Hotel chains lose money every time you book with an OTA like Expedia or Hotels.com. It’s not uncommon for bookings through such channels to incur up to a 20% commission. Therefore chains try to incentivise you to book through their official websites, thereby cutting out the middle man.
They take two approaches to this
- The stick: Stays through OTAs don’t qualify for elite status credit, or points, or even recognition of elite status
- The carrot: Offering free Wi-Fi for stays booked via official channels plus the Best Rate Guarantee
What is a BRG?
If you can find an OTA the same room on the same dates with the same conditions (eg breakfast included, flexible cancellation) for a lower price than the official website, the hotel chain will match that price and give you some bonus extras which may include a further discount on that price, a gift card or bonus points.
BRG policies differ between chains so it’s important to familiarise yourself with the terms of engagement before trying one.
Because the BRG rewards can be lucrative, it always makes sense to check a meta-search engine like Kayak or Skyscanner before making a booking, so that in the event you do find a lower rate you can enjoy the BRG-ed rate plus whatever reward is given on top of that.
I’m going to show you how we go about finding and booking a BRG rate with Marriott.
Let’s look at Los Angeles. Always start with Kayak.com, because that lets you see multiple OTAs at once.
Kayak shows that the Westin Pasadena is pricing at $216 per night, lower than Westin’s $270 per night rate
When I attempt to book this on Expedia, I see that the rate is actually even lower- $187. Westin is charging $234. Kayak sometimes does this- the rates they show may not be correct in absolute terms, but in relative terms they will be (i.e. that Expedia is cheaper than Westin)

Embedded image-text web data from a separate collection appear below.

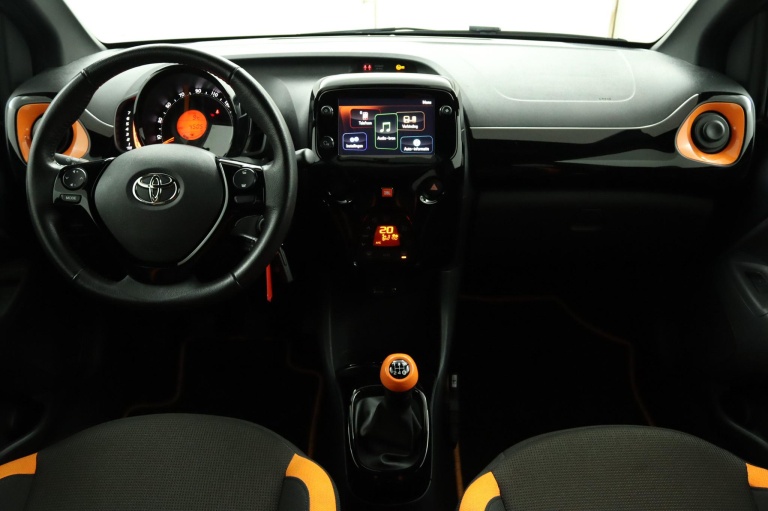 Toyota Aygo - 1.0 VVT-i x-JBL 4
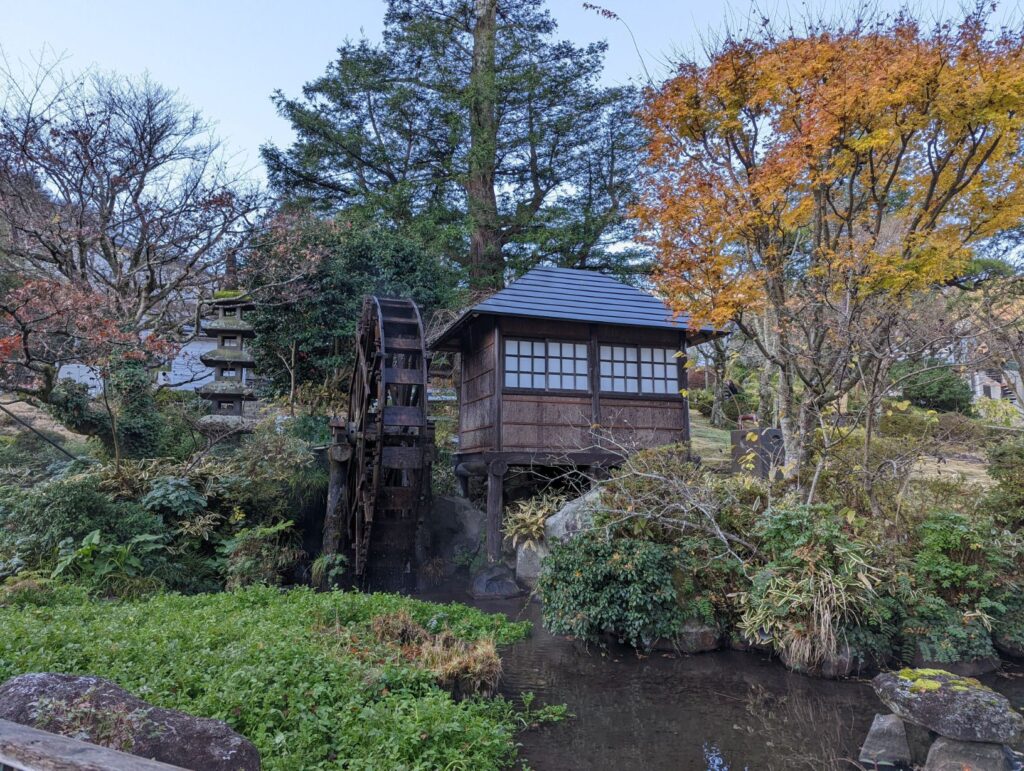 富士屋ホテルの庭園の水車小屋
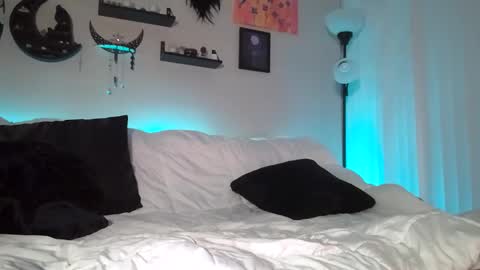 Lola online show from 09-13-25, 08:58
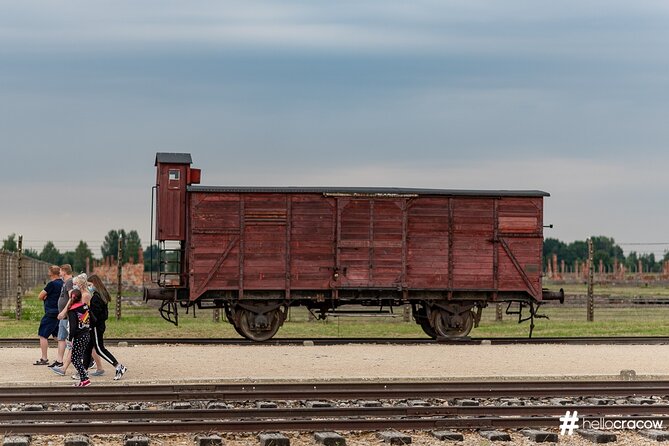 Auschwitz & Birkenau Guided Tour with Hotel Pickup from Krakow - The short break before Birkenau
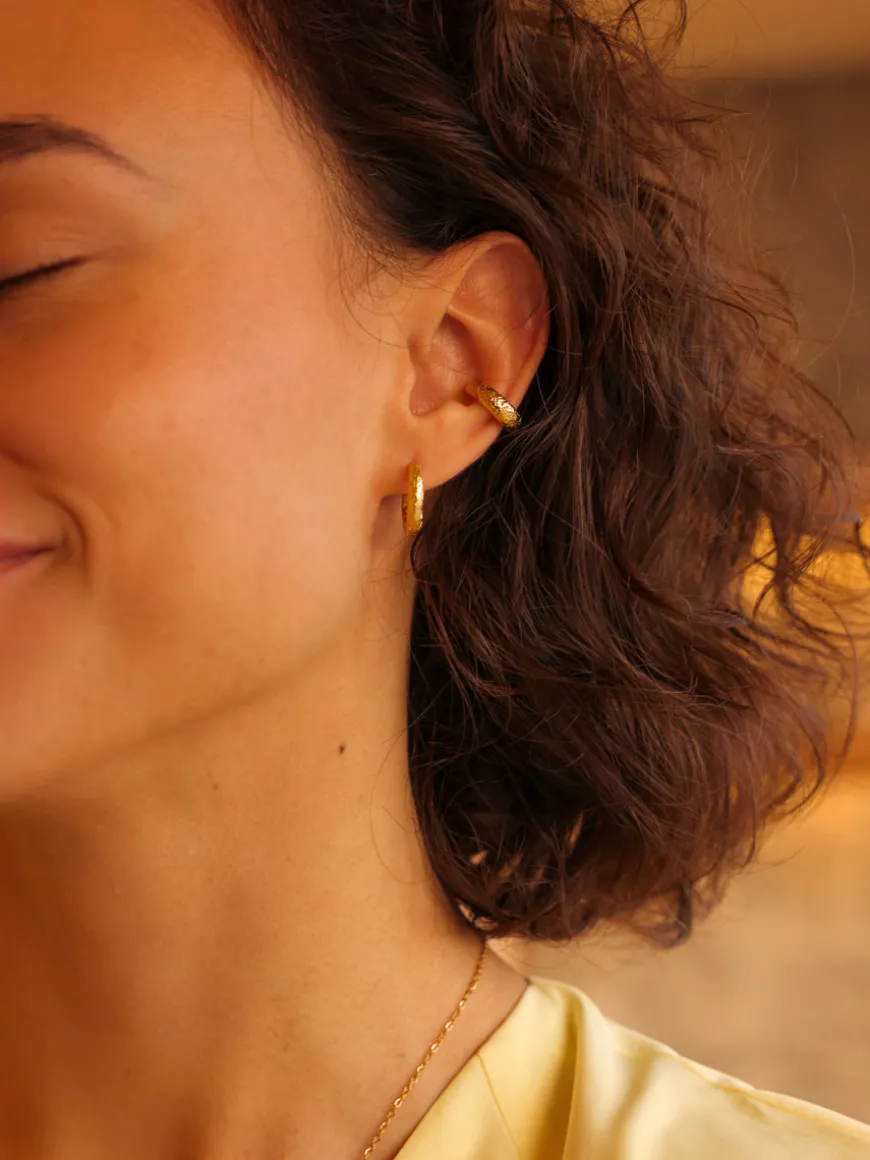 Textured Touch Earcuff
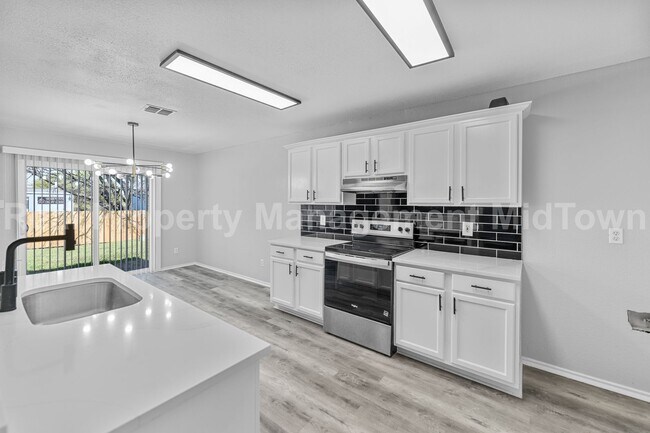 Building Photo - 2205 Bolivar Dr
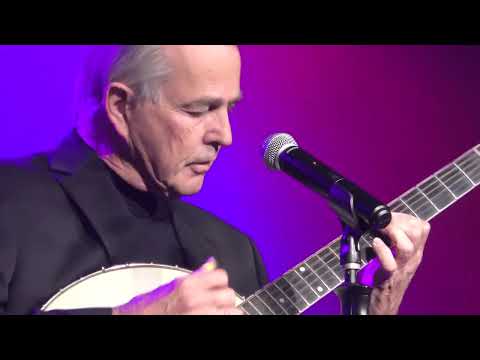 JIM STAFFORD - "TRIBUTE TO ROY CLARK" - LIVE FROM HIS SHOW IN BRANSON - WILD BANJO PICKIN'!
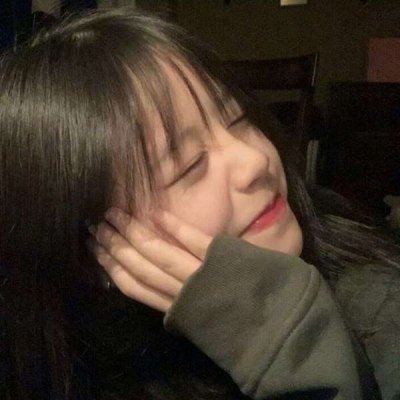 2021年新款微信头像戴运动帽的小孩qq头像女生图片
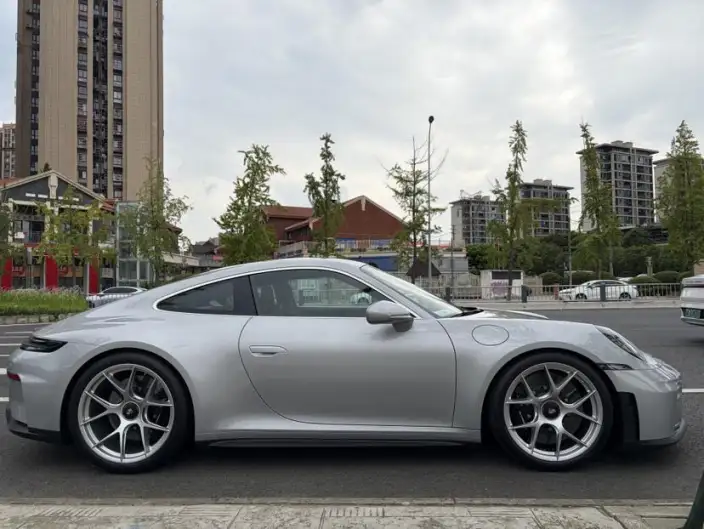 PORSCHE 911 2025 Model GT3 Touring 4.0L – фото 5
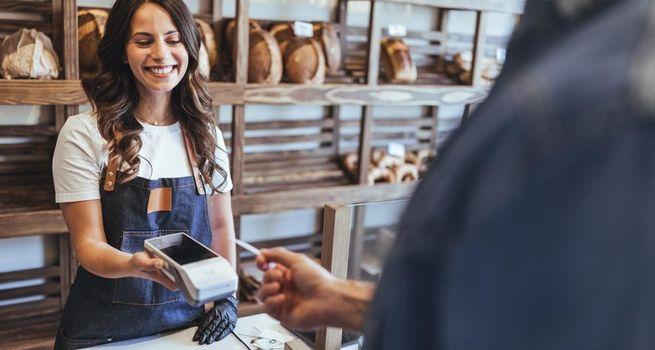 How Does Unilever Balance Brand Strength and Consumer Trends?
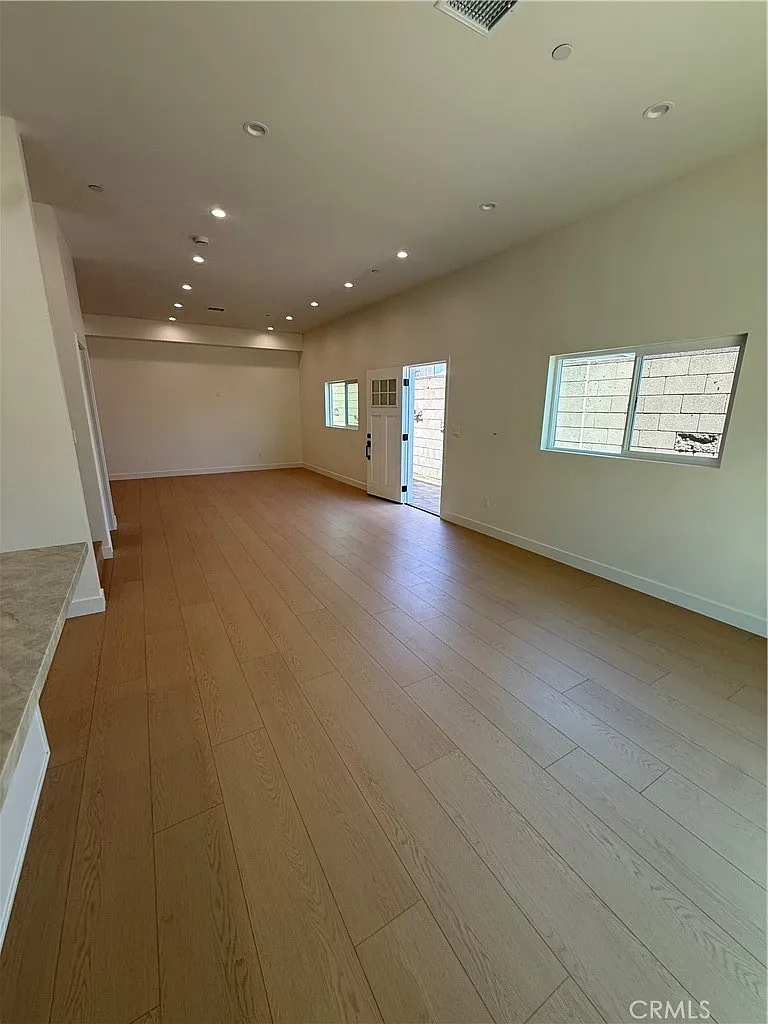 3 bed, 2.5 bath, 1500 sqft, $3,950 — Photo 4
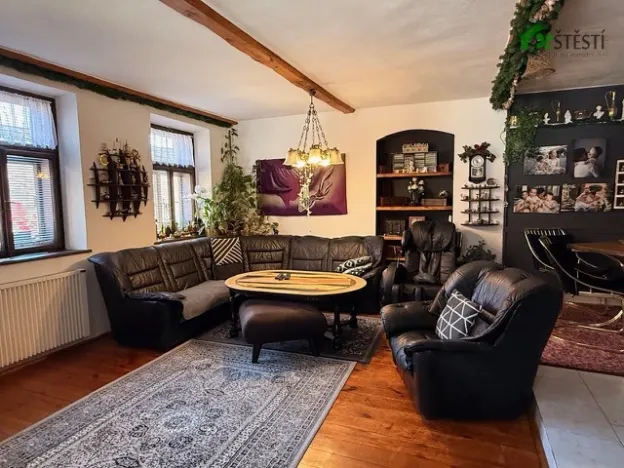 Prodej rodinného domu, Staré Hobzí, 536 m2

You’ll need to make a booking on the Marriott official site first before filing a BRG claim. If approved you’ll receive a choice of either 25% off the matched rate (i.e. US$234) or 5,000 Marriott Points.
The competing rate must be on a publicly-available site. In other words, you can’t BRG a rate that is only available to members, or requires paying some sort of membership fee, or requires logging in. Hotels.com, Expedia, Booking.com and the like should be fine. Moreover, the competing rate must be available for instant confirmation.
Other things to note
With the exception of Hilton, all the other hotel chains require that you hold a confirmed booking via the official site before you file a BRG. The BRG must be filed within 24 hours of booking.
The issue is: a BRG is never a sure thing. The competing rate may disappear in the time it takes someone at the hotel to review your claim. The hotel may find (sometimes arbitrary) reasons to reject your claim. I’ll say in the majority of cases, a legitimately-found BRG claim will be honored, but there’s always a bit of uncertainty.
Why this matters is because if you intend to BRG a non-cancellable rate, you run the risk that your claim is rejected and you’re stuck with the hotel’s higher rate. Therefore I’d advise you only to BRG flexible rates, because you can cancel your booking if your claim is rejected. However, flexible rates tend to be more expensive than non-refundable ones.
Assuming you can live with all that, BRGs are great ways of enjoying the best of both worlds- the (sometimes) lower pricing of OTAs, and the opportunity to earn elite points and credit from booking via the official website.